▶ [DATA SHOWN]:
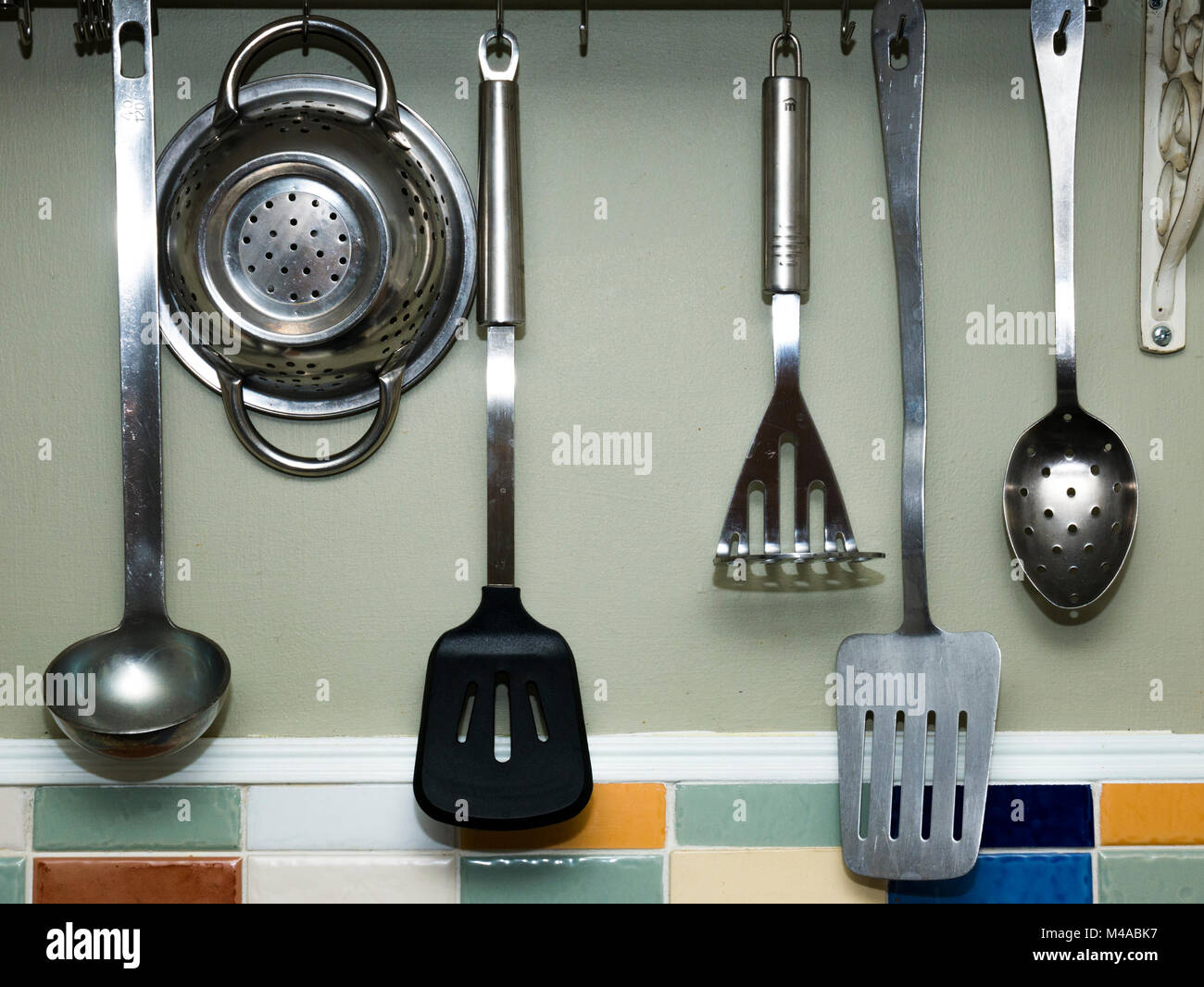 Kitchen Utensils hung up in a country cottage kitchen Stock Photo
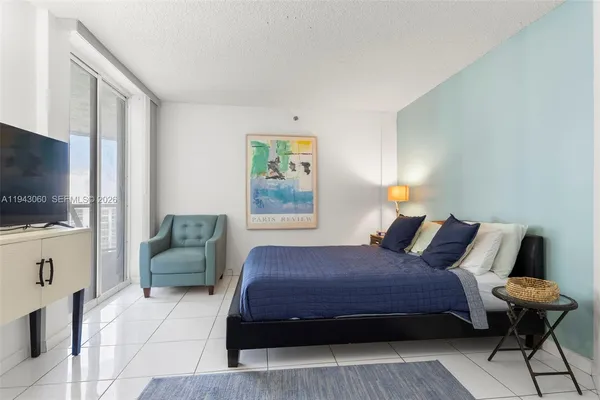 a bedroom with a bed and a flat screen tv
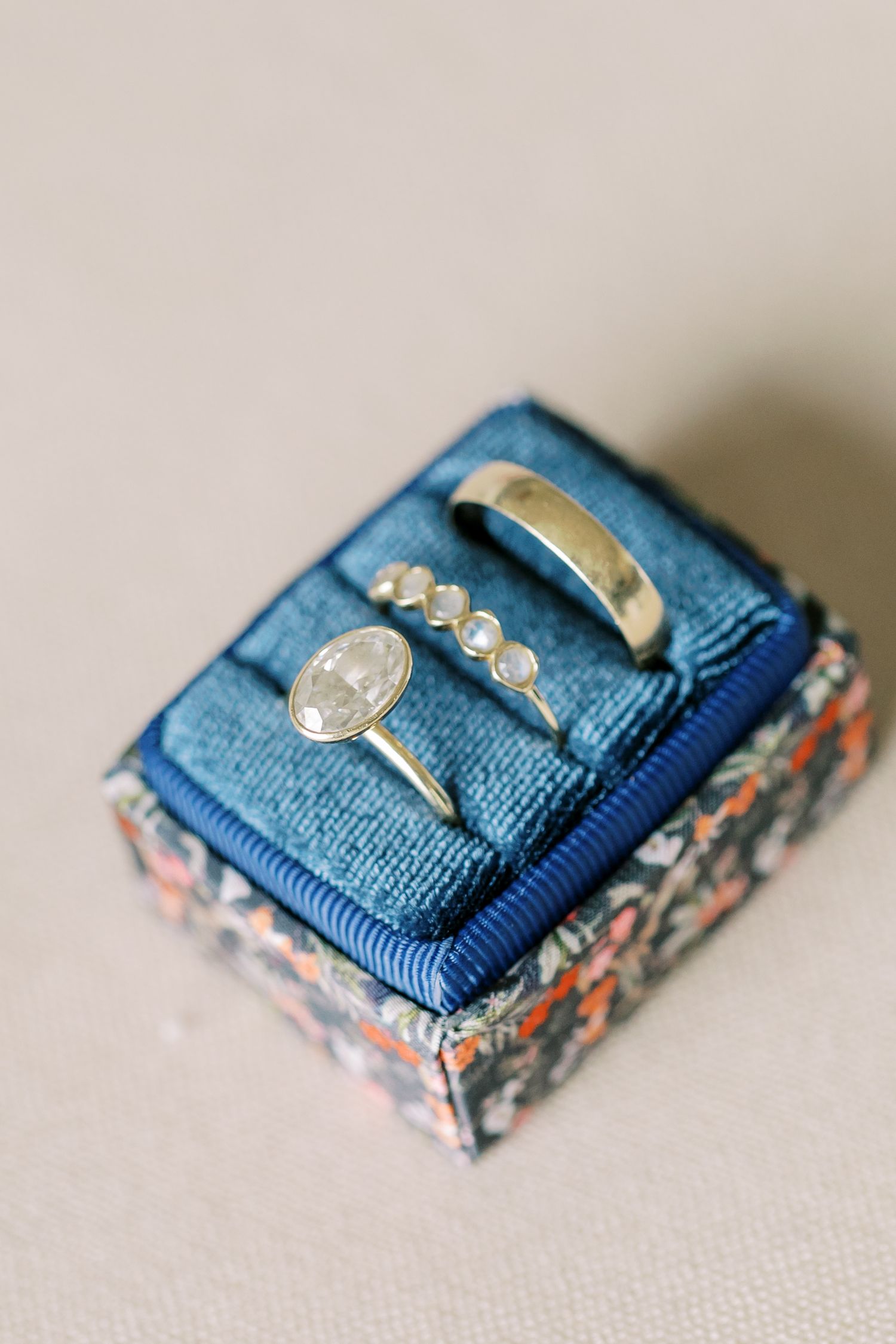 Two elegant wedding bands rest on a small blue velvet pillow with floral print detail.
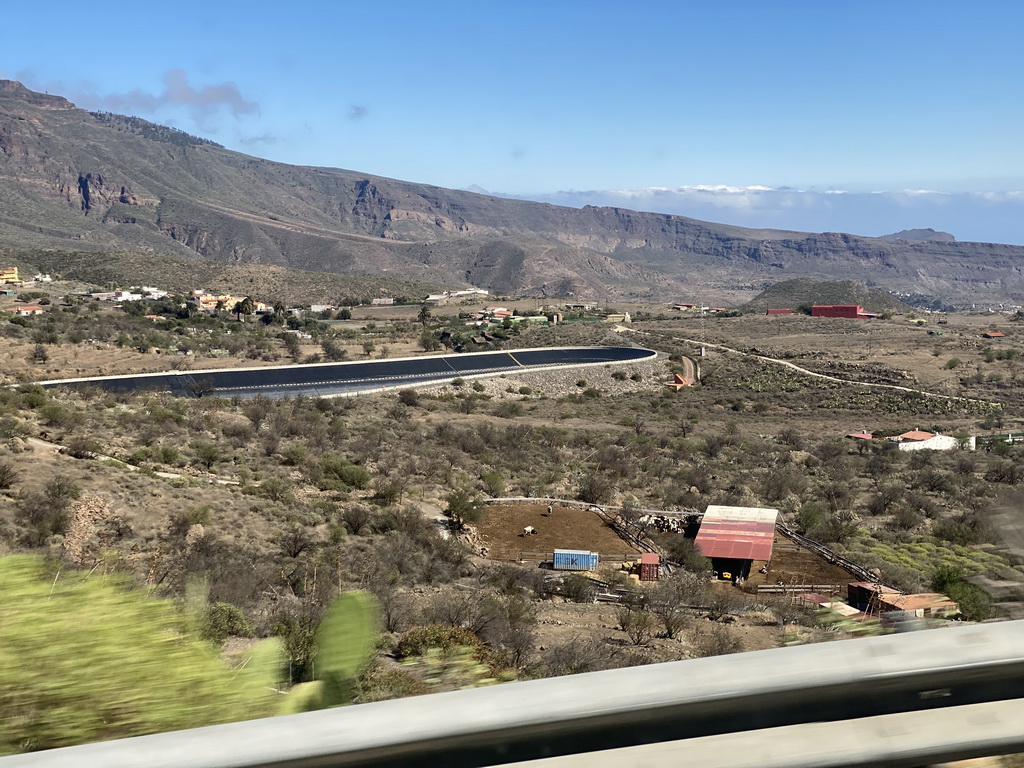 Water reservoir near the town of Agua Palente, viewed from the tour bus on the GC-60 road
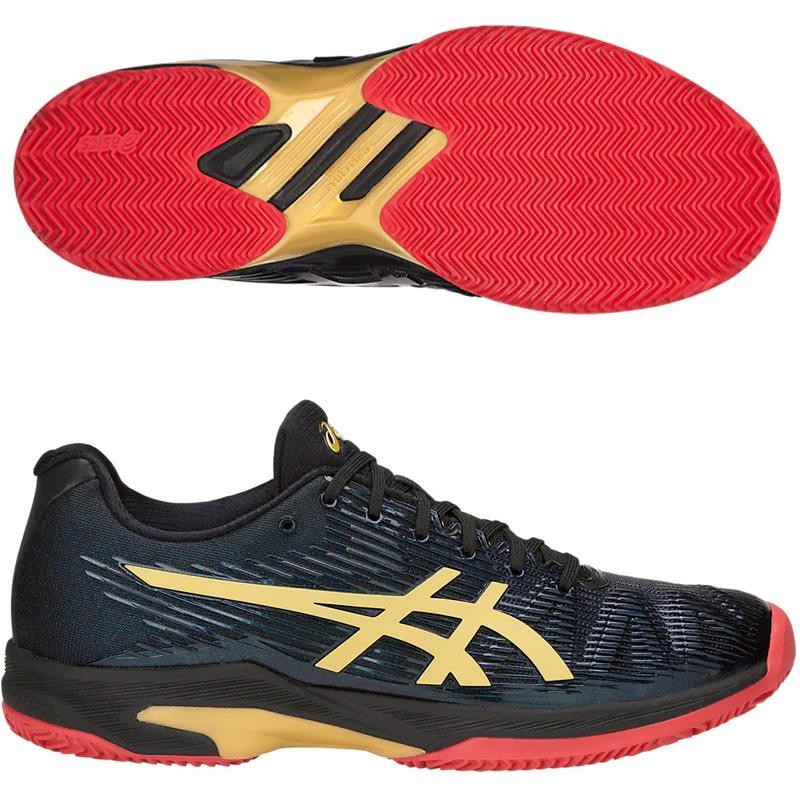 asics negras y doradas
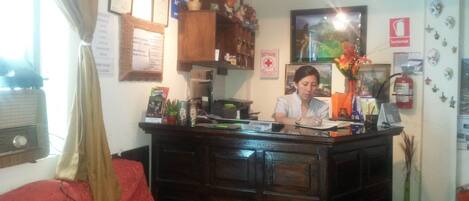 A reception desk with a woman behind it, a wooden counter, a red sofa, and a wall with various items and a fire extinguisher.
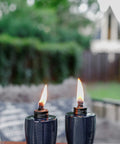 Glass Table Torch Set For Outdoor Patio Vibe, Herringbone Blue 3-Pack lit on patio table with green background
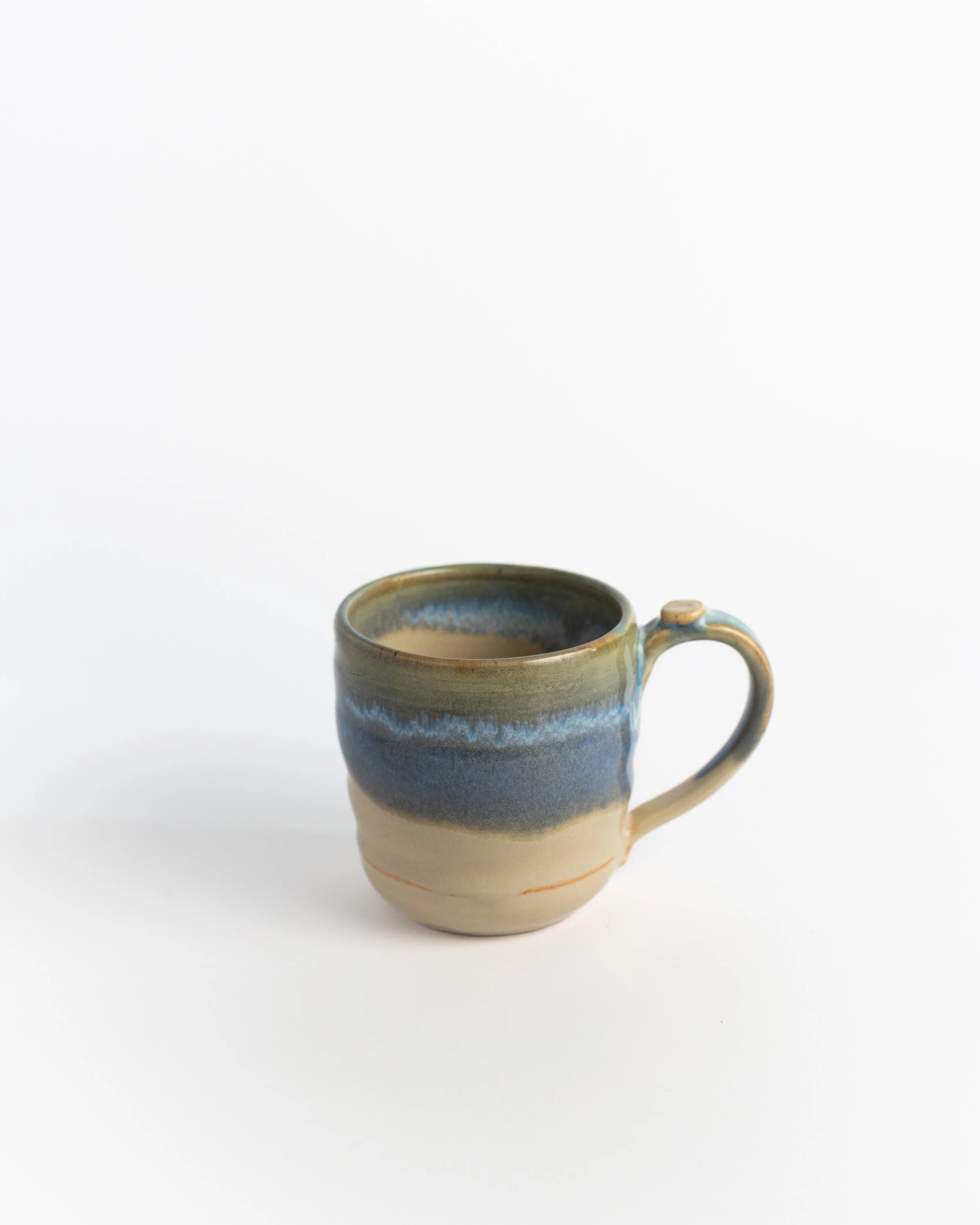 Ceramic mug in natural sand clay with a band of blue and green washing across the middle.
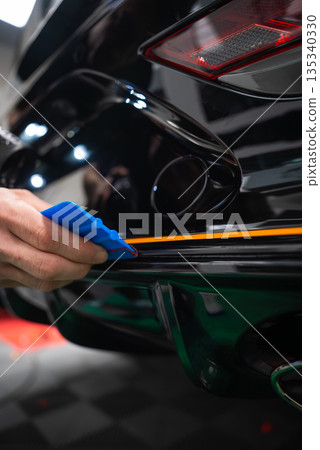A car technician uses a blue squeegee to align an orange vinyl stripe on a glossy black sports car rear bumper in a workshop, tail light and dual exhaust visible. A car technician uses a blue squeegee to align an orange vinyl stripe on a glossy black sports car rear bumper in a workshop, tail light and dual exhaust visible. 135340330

▶ [WHAT IS EXPECTED]: All that is wanted is the lines above between the one containing "asics negras y doradas" and the one containing "Ceramic mug in", inclusive, restated word for word, with pictures omitted.

▶ [SOLVED EXERCISE]:
 asics negras y doradas
 A reception desk with a woman behind it, a wooden counter, a red sofa, and a wall with various items and a fire extinguisher.
 Glass Table Torch Set For Outdoor Patio Vibe, Herringbone Blue 3-Pack lit on patio table with green background
 Ceramic mug in natural sand clay with a band of blue and green washing across the middle.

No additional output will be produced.